Weight loss can also take a psychological toll. Our culture is very focused on weight loss. Accepting that weight loss is not good during this time can be difficult for some. It is important to maintain proper nutrition to keep the body strong during treatment. Good nutrition helps the body tolerate treatment better, lowers hospitalization rates and leads to better overall quality of life.

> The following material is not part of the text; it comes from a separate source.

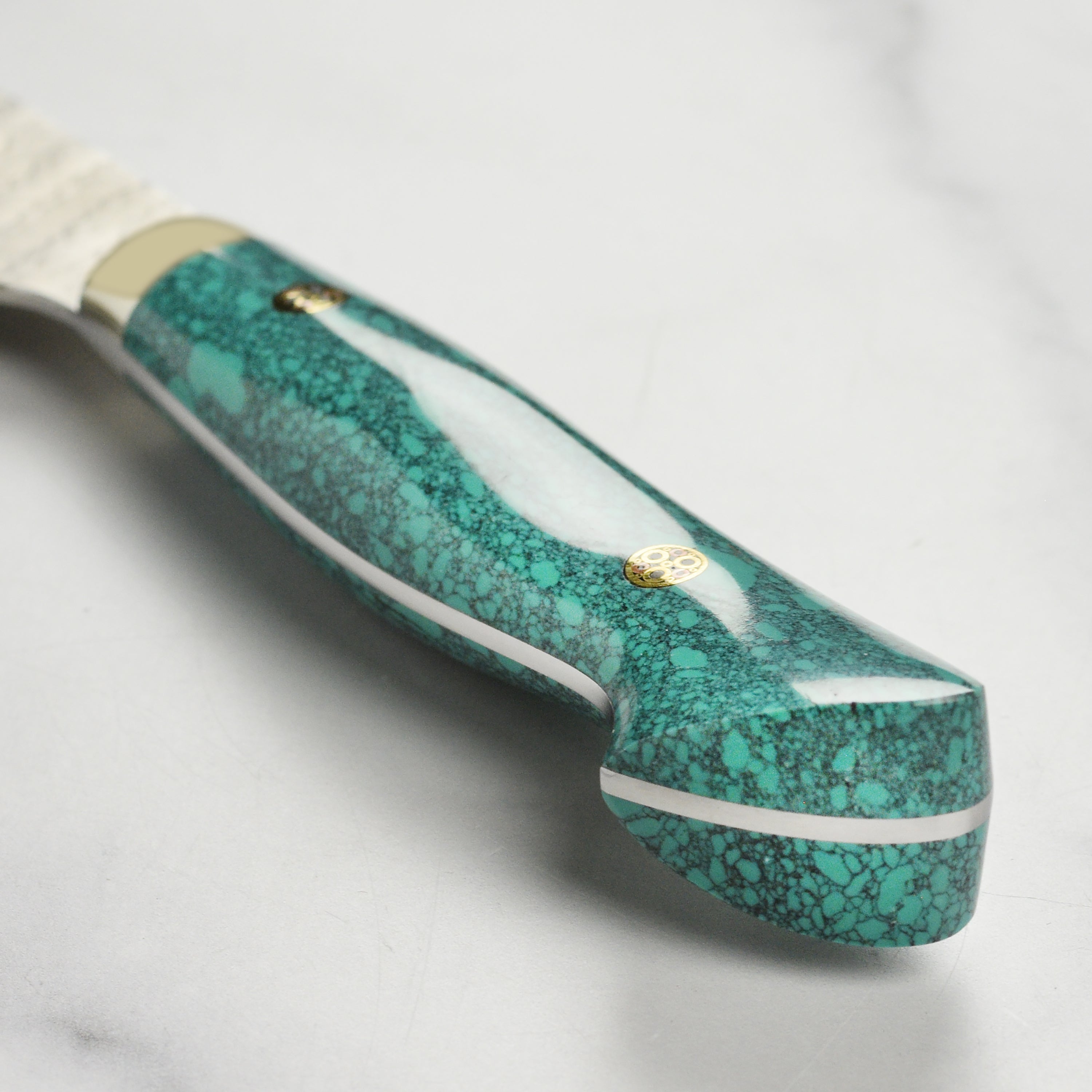 Japanese Nakiri knife with green turquoise handle on cutting board for kitchen prep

To help maintain proper nutrition treat eating as part of the cancer care plan, and try these tips:

  • Drink more between meals than during meals to avoid filling up with liquids at mealtime.
  • Eat more often and based on time of day instead of waiting for hunger signals.
  • Increase calories in the foods you are already eating.
  • Add nuts, seeds, granola and dried fruits to ice cream and yogurt.
  • Consume full-fat foods instead of their low-fat counterparts.
  • Try avocado in smoothies, salads and sandwiches.
  • Use high-calorie condiments.
  • Lightly exercise before meals to build an appetite.
  • Dine in a peaceful environment.
  • Obtain calories from less-filling liquids like shakes or smoothies.
  • Utilize oncology dietitians as great resources for information and recipes.

Please discuss any struggles with weight loss with your cancer center care team. Team members can refer you to a registered dietitian, educated specifically to work in cancer care. Dietitians can address your personal concerns and create a uniquely designed nutrition plan.